L’environnement économique accentue ces dynamiques. Les blocages saisonniers d’importation, suivis de réouvertures rapides en cas de tension, créent une incertitude permanente. Cette instabilité décourage les investissements lourds dans la conservation et entretient, paradoxalement, la dépendance à une source étrangère plus prévisible.
Quels défis cela révèle-t-il vraiment
Les défis sont multiples et interdépendants.
Le défi agronomique: les variétés dominantes ne sont pas conçues pour un stockage long.
Le défi logistique: l’humidité reste mal contrôlée du champ jusqu’au marché.
Le défi économique: les règles de marché sont instables et génèrent des effets de bord.
Le défi culturel: l’oignon occupe une place centrale dans la cuisine, ce qui rend la question des substitutions délicate. Pourtant, les adaptations existent déjà pour d’autres aliments. Lorsque le prix de la pomme de terre augmentait, nous observions que de nombreux ménages se tournaient vers la patate douce locale. Au vu du repère gustatif fort que l’oignon représente dans la gastronomie sénégalaise, une substitution totale n’est ni culturellement ni économiquement réaliste, mais une substitution partielle et temporaire, associée à une meilleure gestion de la chaîne d’approvisionnement, devrait s’envisager.
Quelles pistes explorer sans prétendre apporter une solution unique
La réponse n’est pas uniquement dans l’augmentation des volumes. Elle est dans la cohérence d’ensemble.
Repenser les variétés pour privilégier celles qui supportent mieux la conservation.
Renforcer la maîtrise de l’humidité après récolte.

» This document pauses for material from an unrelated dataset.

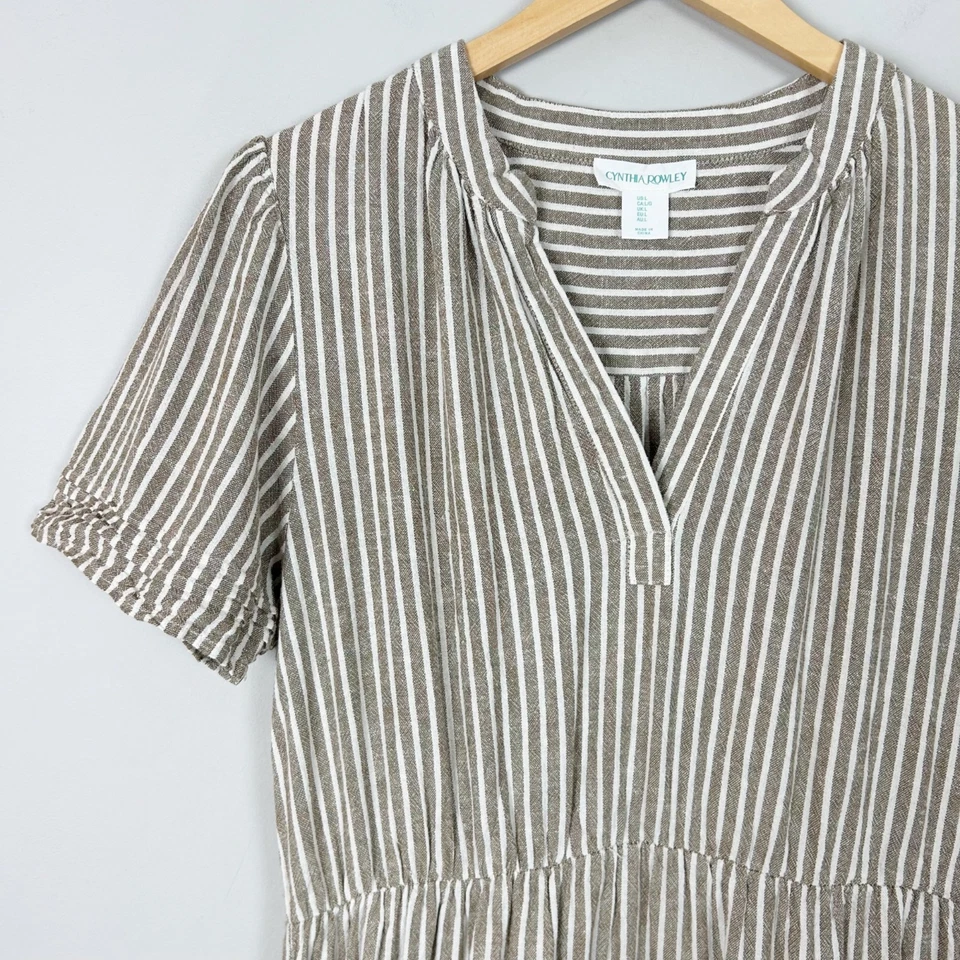 Vestido midi a rayas Cynthia Rowley mezcla de lino talla grande para mujer Foto 2 de 4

Stabiliser les règles d’importation pour donner de la visibilité aux producteurs.
Étaler la saison grâce à une diversification géographique maîtrisée.

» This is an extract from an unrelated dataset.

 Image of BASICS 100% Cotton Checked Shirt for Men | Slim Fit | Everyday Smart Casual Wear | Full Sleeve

Comprendre les usages culinaires et leurs marges d’adaptation.
Et surtout, repenser ce que l’on attend d’un système alimentaire résilient: pas une autosuffisance rigide, mais un équilibre intelligent entre production locale, conservation, diversité des sources et comportements de consommation.
Conclusion
Ce que révèle la place prise par l’oignon hollandais au Sénégal dépasse largement la filière elle-même. C’est le miroir d’un système alimentaire en transition, où la production locale progresse mais où la maîtrise de l’humidité, la qualité post-récolte, la régulation des marchés et les usages culinaires avancent à des vitesses différentes. La dépendance persistante aux importations ne traduit pas un manque de volonté ni un échec des producteurs. Elle signale l’importance de repenser la cohérence d’ensemble: les variétés que l’on cultive, la manière dont on les conserve, le rôle de l’importation comme complément, la place réelle des préférences alimentaires dans les arbitrages quotidiens.

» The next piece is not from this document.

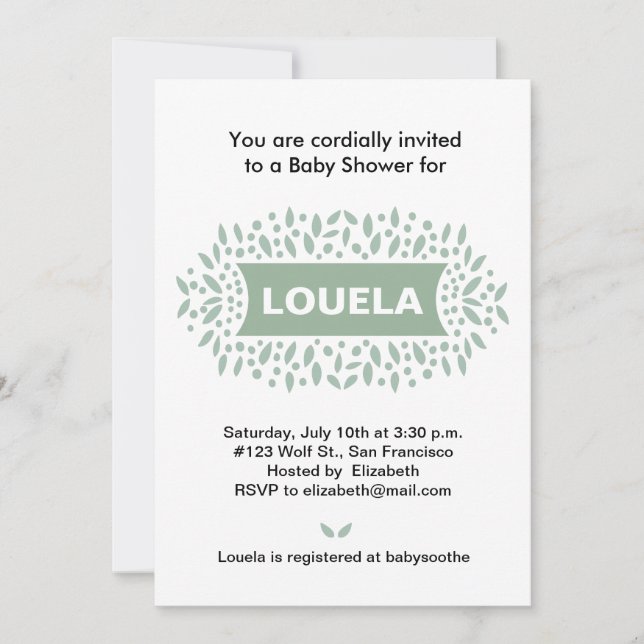 Convite pontos e folhas chá de fraldas (Frente)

Si le sujet mérite d’être regardé avec sérieux, il mérite aussi d’être abordé avec nuance. Aucun pays ne garantit sa souveraineté alimentaire en opposant production locale et importation. Les systèmes résilients reposent sur un équilibre conçu, assumé et transparent entre plusieurs sources d’approvisionnement, plusieurs temporalités et plusieurs comportements. La question n’est donc pas de réduire absolument les importations, mais de construire un environnement où elles deviennent un choix réfléchi plutôt qu’une nécessité systématique.
C’est dans cette capacité collective à relier production, conservation, marché et consommation que se trouvent les leviers les plus prometteurs. Et c’est probablement là que se jouera, demain, la place de l’oignon sénégalais sur son propre marché.